Entretien dans l’Est Républicain

Si le XXe siècle a été le siècle des totalitarismes, il a été aussi celui de la démocratie libérale. Où en est-on aujourd’hui ? La réponse de Marcel Gauchet, historien et philosophe.

Pourquoi la démocratie a-t-elle du mal à s’imposer ailleurs qu’en Occident ?

Si chez nous, elle ne va pas fort, elle n’est pas menacée. Et de par le monde, il y a beaucoup plus de régimes démocratiques qu’il n’y en avait il y a vingt ans, mais c’est évident : dans les sociétés où elle est encore à conquérir, nous butons sur un point d’arrêt. Il faut distinguer les cas : le totalitarisme chinois a encore des racines solides, sans parler de celui de la Corée du Nord. On compte aussi des régimes d’apparence démocratique qui ne le sont pas, comme s’il suffisait d’organiser des élections truquées pour obtenir la respectabilité internationale. Les exemples pullulent. Quelques vraies démocraties existent en Afrique et une grande partie du monde ex-soviétique entre dans ce cadre. La Russie est à part : ce n’est pas une vraie démocratie. Que dire des républiques d’Asie centrale ou de la Biélorussie ! Une dernière catégorie de pays résiste à la démocratisation, en particulier les sociétés où l’oligarchie régnante est assise sur une rente qu’elle verrouille soigneusement et qui lui permet de redistribuer un peu, pour avoir une certaine paix. Il ne faut pas rêver : la démocratisation est un processus beaucoup plus difficile qu’on ne l’avait imaginé, après la chute du Mur.

Tout est-il perdu ?

Non. Malgré tout, un immense pas en avant a été fait. La démocratie est devenue le seul régime légitime admissible. Il n’y en a pas d’autre. Certains rusent mais le principe s’est établi. Même cette espèce de cléricocratie qu’est l’Iran s’est sentie obligée de jouer le jeu. Le régime en place n’a-t-il pas organisé des élections dont il avait anticipé qu’il allait les perdre et avait pris toutes les mesures pour se prémunir contre cette issue fâcheuse ! Cette admission universelle du principe démocratique me paraît énorme. Personne n’a mieux en magasin. Mais entre cet horizon et la réalité, il y a encore du chemin à faire. Les Occidentaux seraient bien avisés de revoir leurs méthodes. Se faire les prédicateurs de la démocratie dans le vide sans analyser toutes les conditions qui permettent à un régime démocratique de fonctionner est totalement vain.

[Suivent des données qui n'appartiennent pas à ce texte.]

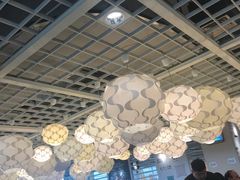 大堂-宜家·瑞典食品屋(四元桥店)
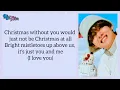 Download Lagu V (BTS 방탄소년단) - Snow Flower (Ft. Peakboy) | Easy Lyrics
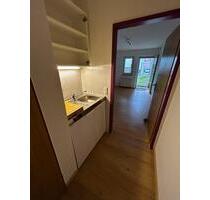 Studentenwohnung 19 qm - ohne Erbpacht - Regensburg Galgenberg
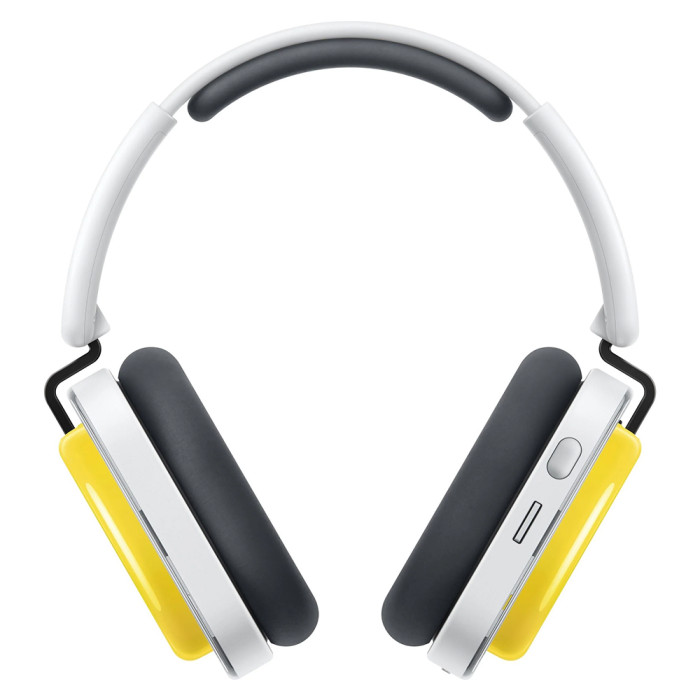 Беспроводные наушники Nothing Headphone (a) B186 Желтый (Yellow)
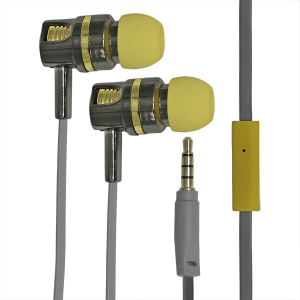 AURICULARES MANOS LIBRES FITNESS 1535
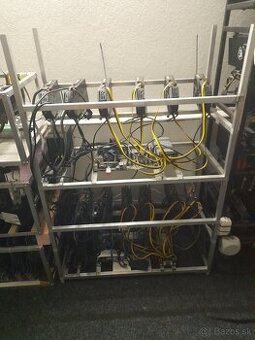 mining rig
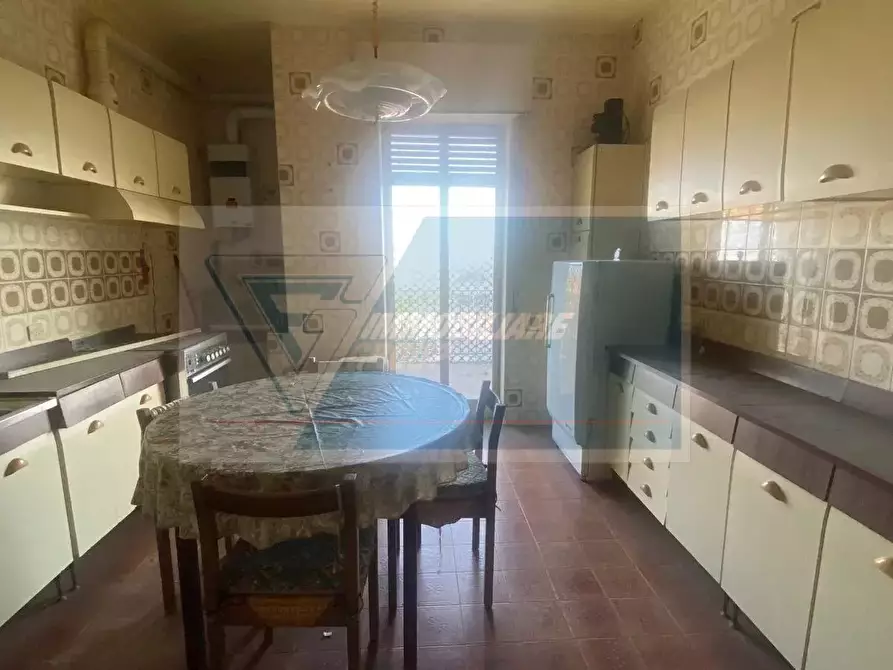 Immagine 10 di Casa trifamiliare in vendita  in Viale Santa Panagia a Siracusa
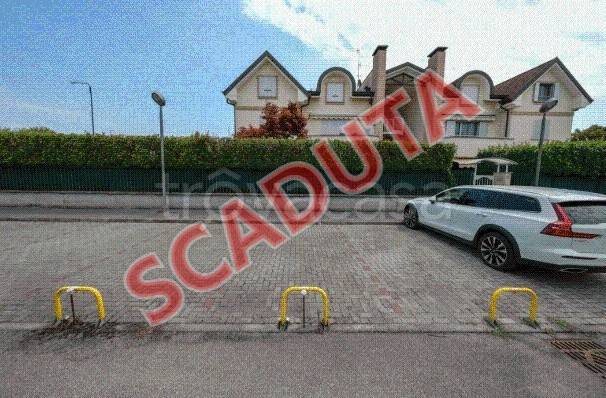 terreno edificabile in vendita a Liscate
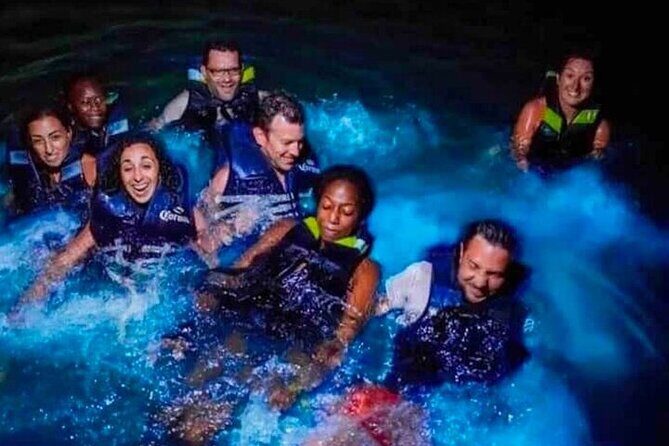 Bioluminescence in Manialtepec Night Tour from Huatulco - Key Points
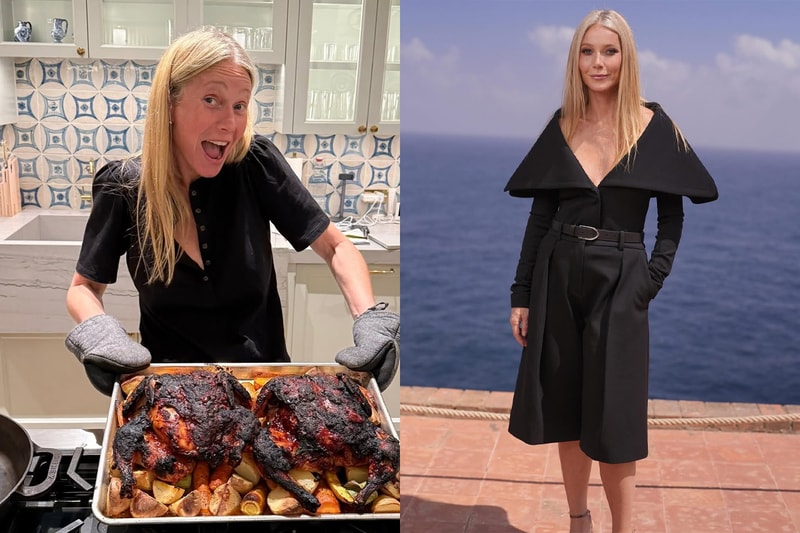 Gwyneth Paltrow 宣佈放棄「原始人飲食法」：背後原因跟減肥無關，讓人忍不住反思 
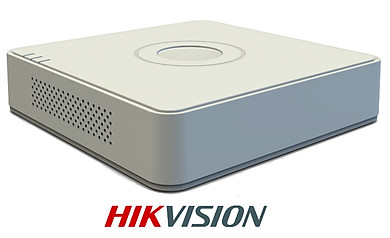 Đầu Ghi Hình Camera Hikvision Hd1080P Ds-7104Hghi-F1-Hàng Chính Hãng - Link Mua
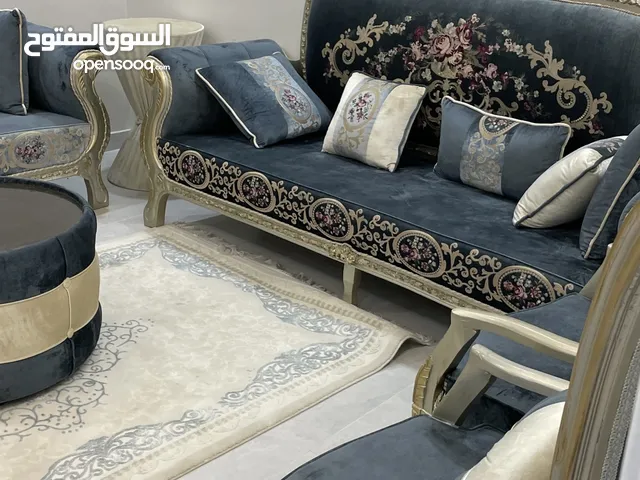كنب تركي مستعمل
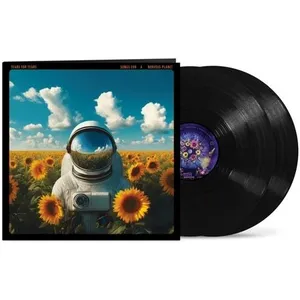 Comparateur de prix : Concord Records Songs For A Nervous Planet
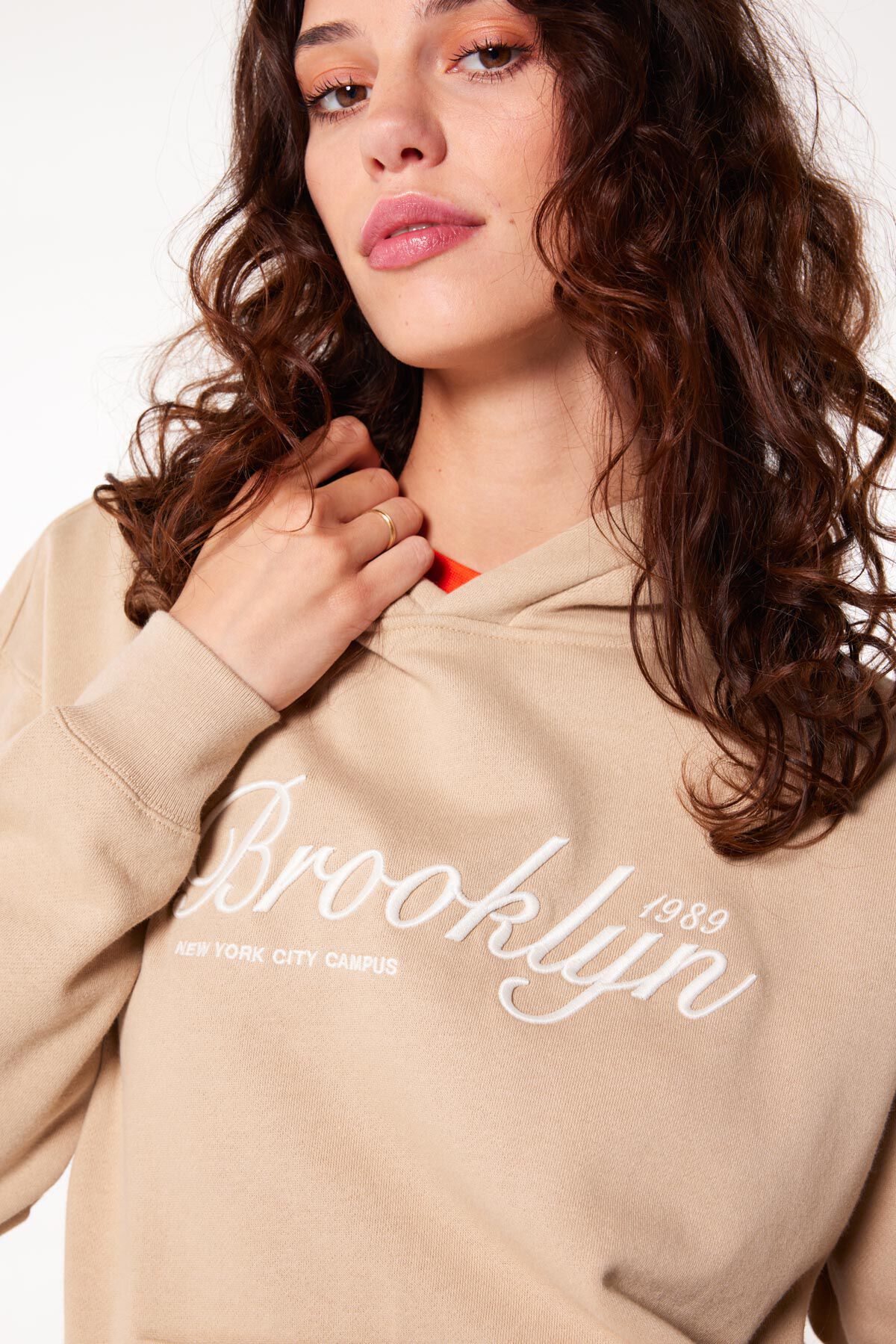 Hoodie Saya image number 3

C’était l’ambition de George Bush…

Tout à fait mais l’idée de parachuter des constitutions démocratiques ne passe pas. Même en Afghanistan, la démocratie n’est pas pour demain. L’action que nous pouvons mener dans cette direction est une action de longue haleine qui demande plus d’intelligence qu’on n’en a montrée jusqu’à présent.

Comment faire ?

Je n’aurais pas l’outrecuidance de fournir une solution clé en main. Il faut connaître les conditions de chaque pays. Ce qu’il faut éviter, c’est le triomphalisme démocratique et missionnaire. La sagesse, c’est d’obtenir des gains sur des sujets où l’on peut obtenir des avancées. Je crois par exemple qu’il faut distinguer, dans une démarche progressive, les garanties des personnes, sur lesquelles on peut se montrer intransigeant, de l’expression politique, dont on sait ce qu’il peut en advenir. Créer des partis politiques n’empêche pas qu’ils puissent être dévoyés par le jeu des ethnies, des cliques ou des factions. Je pense ensuite que la dimension du droit est capitale. Pour avoir une démocratie qui fonctionne, il faut des sociétés où l’idée de droit est entrée dans les têtes. La priorité, c’est l’aide à la construction d’appareils d’État fiables et obéissant à des règles. C’est ce qui manque souvent.

Et l’ingérence ?

L’ingérence est dans tous les cas contre-productive, sauf dans les situations extrêmes comme une guerre civile, ou un génocide. L’ancien colonisateur est de toute façon mal fondé à prêcher la vertu. L’esprit de la démocratie voudrait que toute intervention doive être comprise et acceptée par les gens à qui elle s’adresse. Je ne suis pas sûr que les Afghans perçoivent l’intervention de l’OTAN comme quelque chose qu’ils ont souhaité et qui répond à des objectifs qui sont les leurs. Il est difficile de trouver des passages entre les écueils. Nous aurions besoin de grands artistes pour le faire. Nous n’en avons pas beaucoup dans le personnel politique à notre disposition.